For the benefit of future riders (and as a way to journal our bike adventures) here’s how we found our way to the start line of the Great Divide Mountain Bike Route in 2021. Remember… it usually starts in Banff but well you know… COVID. This year southbound riders started at the border of Canada. 🇨🇦
For the first time ever on an extended bike tour we were able to leave from our house, ride to our daughter’s house and then catch the Amtrak to Chicago at 6:30 am.
After a three hour layover in Chicago we were in it to win it for a 36 hour train ride to Whitefish – Coach class. Like steerage on the Titanic 🚢 😂
Honestly tho, Amtrak is a reasonable solution for getting your body and your bike to the start of your ride.
Coach Class. Wouldn’t have it any other way. We met some fascinating peeps and appreciate fresh bed linens even more. You can find pics in the vid of Lance and Vince. Too bad I didn’t get one of Tammy, a bada$$ half iron man finisher, Helena cattle rancher, mom and grandma. She taught us why you want to keep bull snakes around the farm and more about best practices in farming.
Vince, on the other hand spun a yarn about how a rattlesnake jumped off a rock and bit his buddy while riding by on his bike. #ikidyounot Thanks for that bit of advice, Vince. 😊
Once in Whitefish we took a day to poke around town at a community art fair, visit a local brewery (thanks Lauren), hold puppies, get some trail food and a good night’s sleep. And oh yea, we even hit up Mass on Saturday night.
Early Sunday on July 4th we took off from Whitefish on bikes and headed north for the border. It was a perfect day for riding – a little warm in the afternoon but just about perfect.
This guy is FINISHING his northbound ride tomorrow! It’s Kai’s last night of the ride and our first. Pretty amazing… we had a nice long chat. He shared lots of stories for which we were grateful. I asked the most important thing he learned over the last month. He said #waitforit “Don’t ride with your mouth open.” He got stung today in the mouth. Of all days. Ouch!
Free camping in the city park, Internet access, and a 24 hour gas station right across the street. What more could we ask for? 🤷🏼♀️. Maybe flushers? 🚽
In keeping with tradition we got the whole crew (all 19.5 of us) together for dinner before we left.
Grandchild #6 is due in late September. We aim to be back well before then so if we’re not, dispatch the cavalry. 🆘🐎
Per usual we ask a lot of questions and seek advice from fellow riders.
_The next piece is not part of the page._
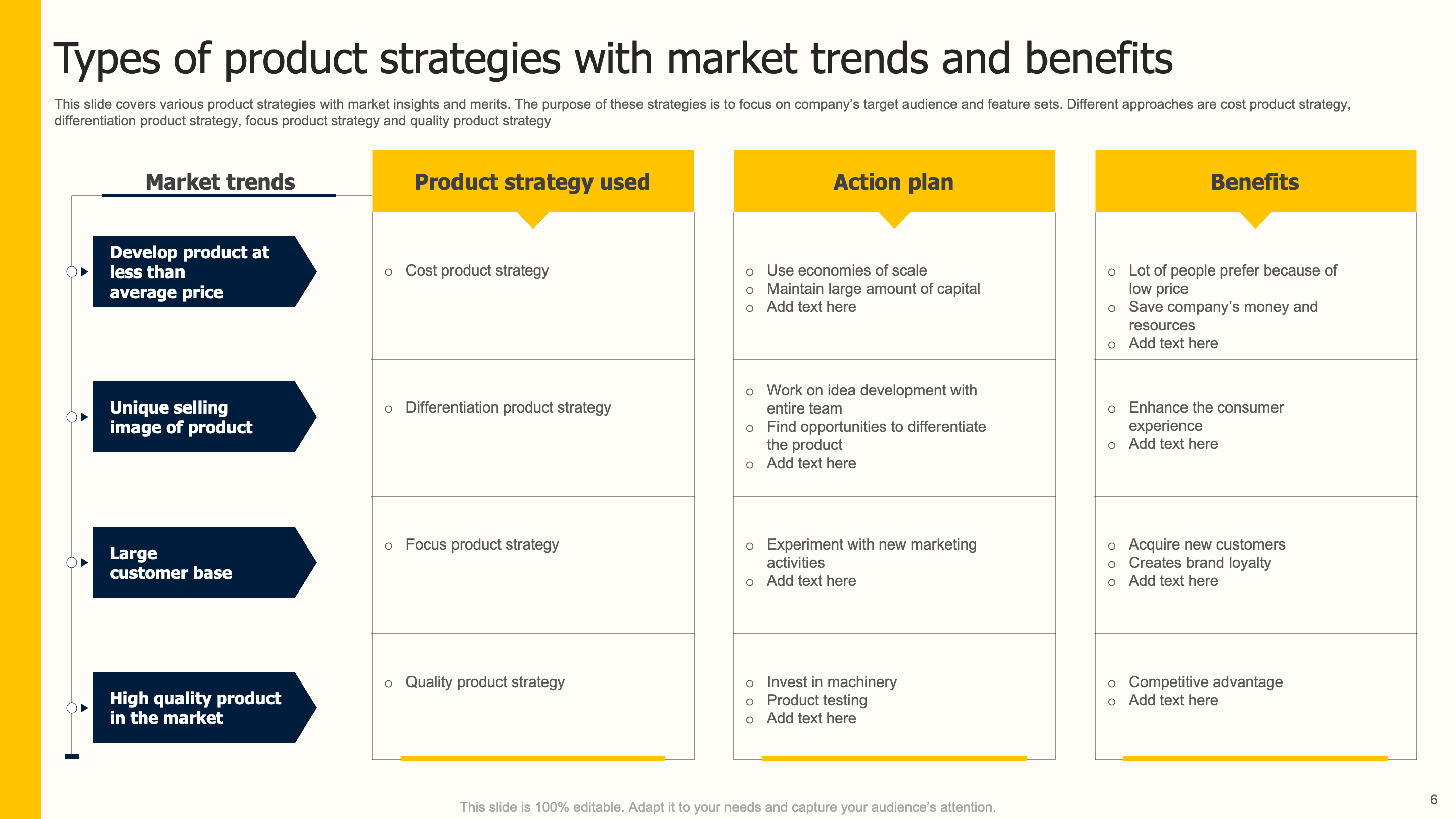 Types of Product Strategies with Market Trends And Benefits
Everyone is super friendly and eager to help and we in turn love to share as well.
Although we have a few bike tours under our belt and have cycled a lot longer distance, cycling the Great Divide is like nothing we’ve ever attempted.
But I always say…
If you only do what you know you can do, you don’t do very much. 💁🏼♀️
The fam had some advice to share and we’d like to share with other riders. You’re welcome.
I mean… there’s a lot of folks on bike tours right now. #postCOVID Maybe they can benefit as well. #sharingiscaring
We’re going to miss our family, friends and neighbors. And we keep wondering… what person or place will inspire our next adventure. We have a few more states to hit and we haven’t cycled in Europe, Asia or South America yet. Australia? Iceland? #opentotravel
If you’re following along, thanks! More to come… we’re finally on our way.